Final Cut Pro X Updated
For free, to add a few features:
The non-linear editing program was initially launched to protests by the pro-editing community, but Version 10.0.3 addresses nearly all of the remaining criticisms of the post-production tool, adding multicam support, external broadcast monitoring (still a beta feature), and detailed chroma-key controls. And perhaps the biggest criticism—the lack of an upgrade path for projects built into previous Final Cut versions—has now been addressed by a third-party plugin called 7toX, from Intelligent Assistance.
Happy now, internet?
The recent fear and loathing about Apple dropping the “pro” market was based on two things: the perceived dumbing-down of FCP, and the neglect of the Mac Pro. It never made sense to me though.
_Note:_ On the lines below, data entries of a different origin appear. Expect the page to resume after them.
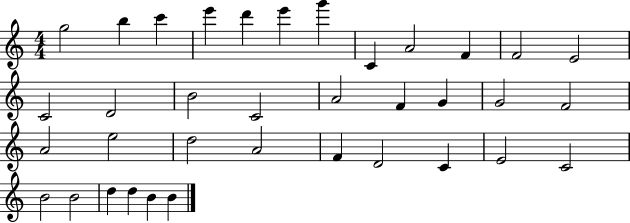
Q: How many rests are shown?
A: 0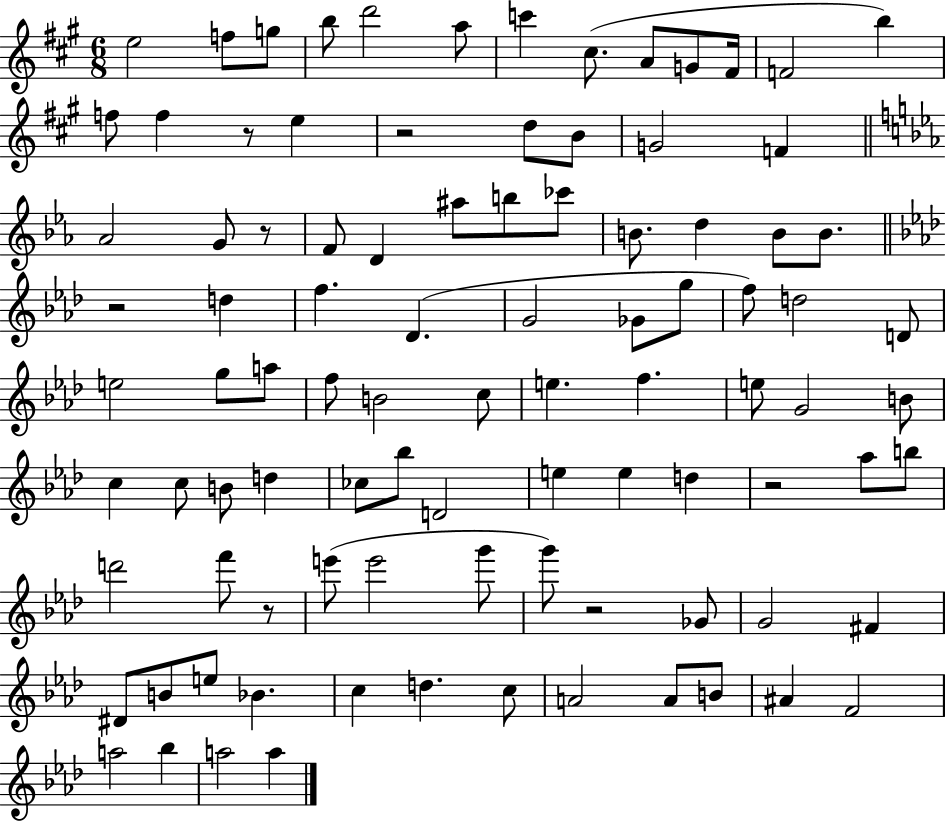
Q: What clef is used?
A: treble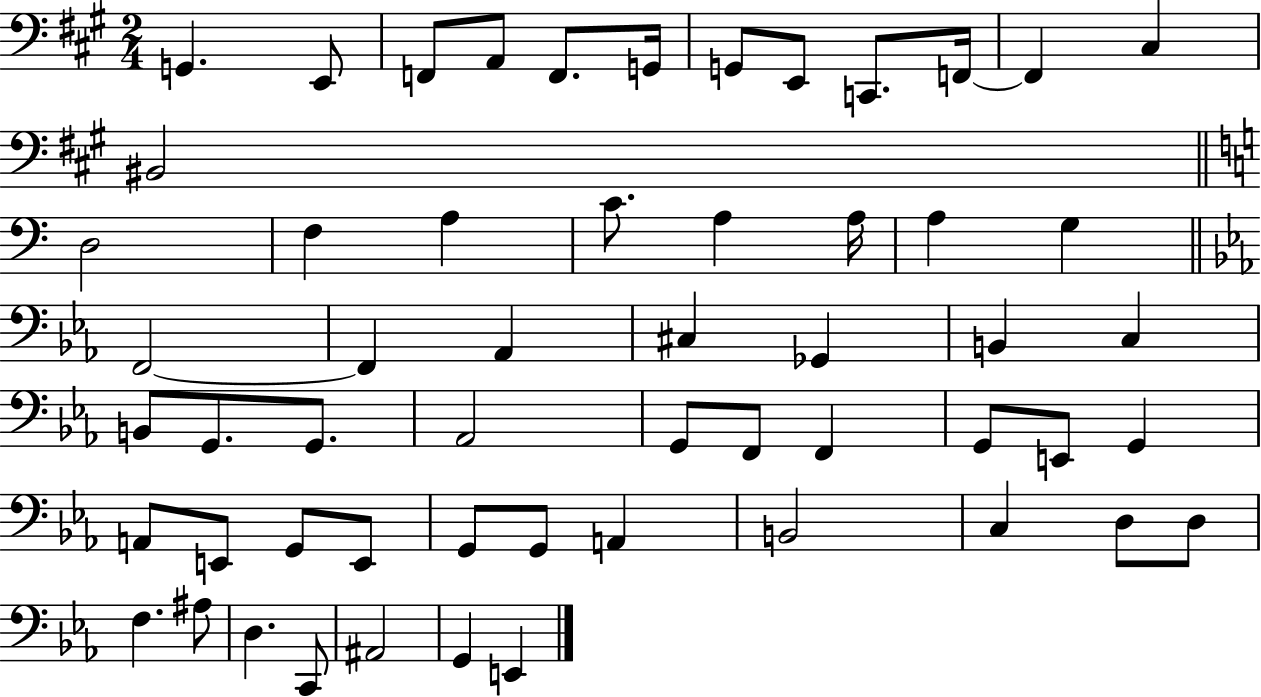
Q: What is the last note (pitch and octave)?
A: E2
Why would Apple bother with a huge, from-scratch rewrite of Final Cut if it planned to ditch it?
The speculation was that since it a) borrowed some interface from iMovie, b) contained some DSLR-friendly features, c) was drastically cheaper, and d) was missing a bunch of features, that Apple was targeting “prosumers” (shudder) and not “pros”.
a) If the same people who rethought iMovie a few years back were doing the same to FCP, it follows that some interface will be shared. If they’ve figured out better interfaces for editing, they’re going to want to use them. As I stated before, traditional editing software packages (NLEs) are based on a tape-to-tape interface metaphor which isn’t helping anyone anymore. We should be happy that Apple is trying to improve it.
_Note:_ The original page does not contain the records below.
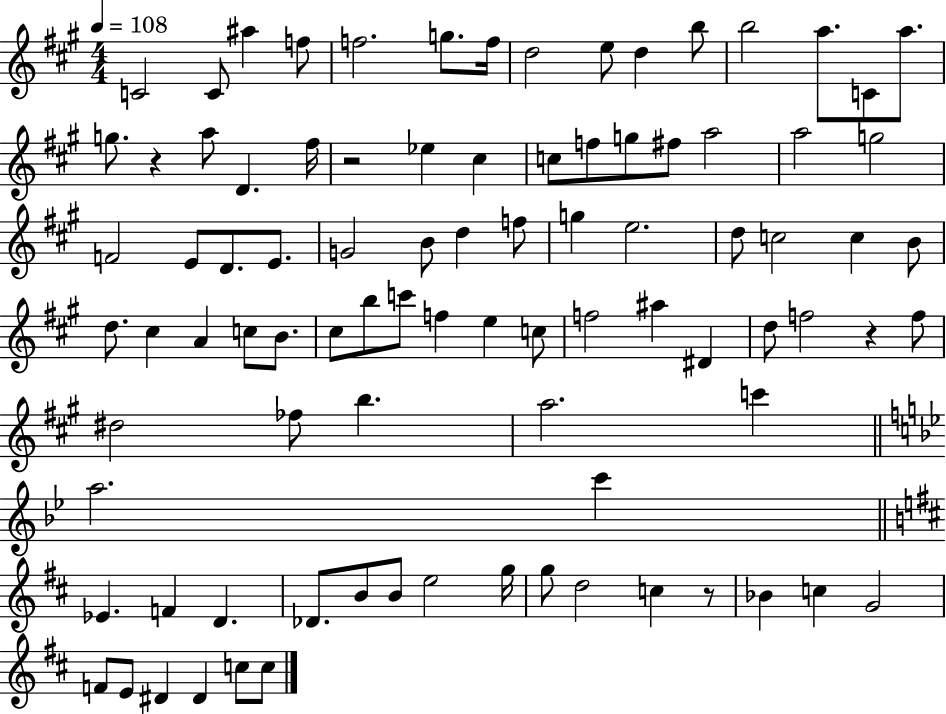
X:1
T:Untitled
M:4/4
L:1/4
K:A
C2 C/2 ^a f/2 f2 g/2 f/4 d2 e/2 d b/2 b2 a/2 C/2 a/2 g/2 z a/2 D ^f/4 z2 _e ^c c/2 f/2 g/2 ^f/2 a2 a2 g2 F2 E/2 D/2 E/2 G2 B/2 d f/2 g e2 d/2 c2 c B/2 d/2 ^c A c/2 B/2 ^c/2 b/2 c'/2 f e c/2 f2 ^a ^D d/2 f2 z f/2 ^d2 _f/2 b a2 c' a2 c' _E F D _D/2 B/2 B/2 e2 g/4 g/2 d2 c z/2 _B c G2 F/2 E/2 ^D ^D c/2 c/2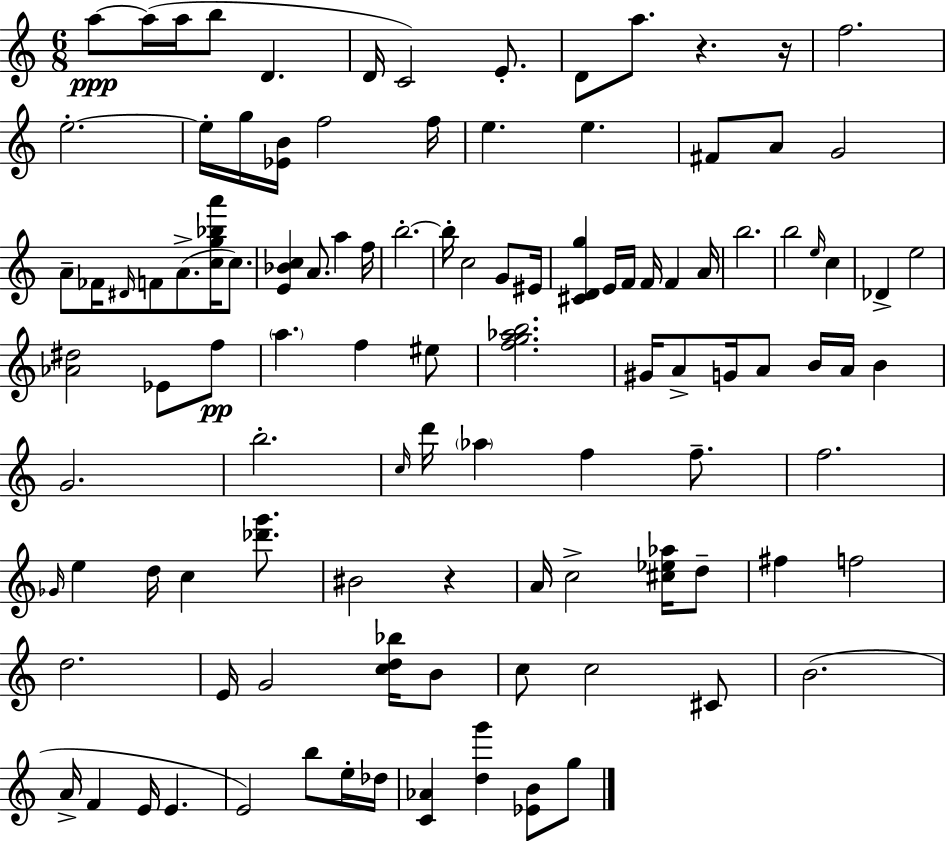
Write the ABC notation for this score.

X:1
T:Untitled
M:6/8
L:1/4
K:C
a/2 a/4 a/4 b/2 D D/4 C2 E/2 D/2 a/2 z z/4 f2 e2 e/4 g/4 [_EB]/4 f2 f/4 e e ^F/2 A/2 G2 A/2 _F/4 ^D/4 F/2 A/2 [cg_ba']/4 c/2 [E_Bc] A/2 a f/4 b2 b/4 c2 G/2 ^E/4 [^CDg] E/4 F/4 F/4 F A/4 b2 b2 e/4 c _D e2 [_A^d]2 _E/2 f/2 a f ^e/2 [fg_ab]2 ^G/4 A/2 G/4 A/2 B/4 A/4 B G2 b2 c/4 d'/4 _a f f/2 f2 _G/4 e d/4 c [_d'g']/2 ^B2 z A/4 c2 [^c_e_a]/4 d/2 ^f f2 d2 E/4 G2 [cd_b]/4 B/2 c/2 c2 ^C/2 B2 A/4 F E/4 E E2 b/2 e/4 _d/4 [C_A] [dg'] [_EB]/2 g/2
b) DSLR workflow is a file-based workflow, which is obviously the future. Things like background transcoding and auto-sync are just plain handy for whichever files you are importing, whether prosumer like AVCHD or pro like Redcode.
c) FCP X is $300 to Final Cut Suite’s $1000. Suite contained extra software like Colour and Soundtrack that Apple no longer offers (it has folded some features of these apps into FCP itself). It also contained Motion and Compressor, which Apple is now selling separately for $50. Furthermore, there is no upgrade pricing on the App Store, so the next time Apple decides to charge for a new version of FCP X (XI?), we will all be paying another $300 + $50 + $50 – and if you want Logic to take the place of Soundtrack, add another $200. It’s not that much cheaper.
d) This latest update should allay concerns about dropped features. This is how Apple does it: they don’t include features they feel they haven’t gotten right yet. The original iPhone was missing a bunch of features we take for granted now (copy & paste, multitasking, third party apps).
I’m actually pleasantly surprised multicam support has been added already (especially since I have a project coming up that will need it). So the big question mark now is the Mac Pro. Informed opinions say that Apple is just following Intel’s rather slow-moving Xeon roadmap, which suggests a March update. Okay then!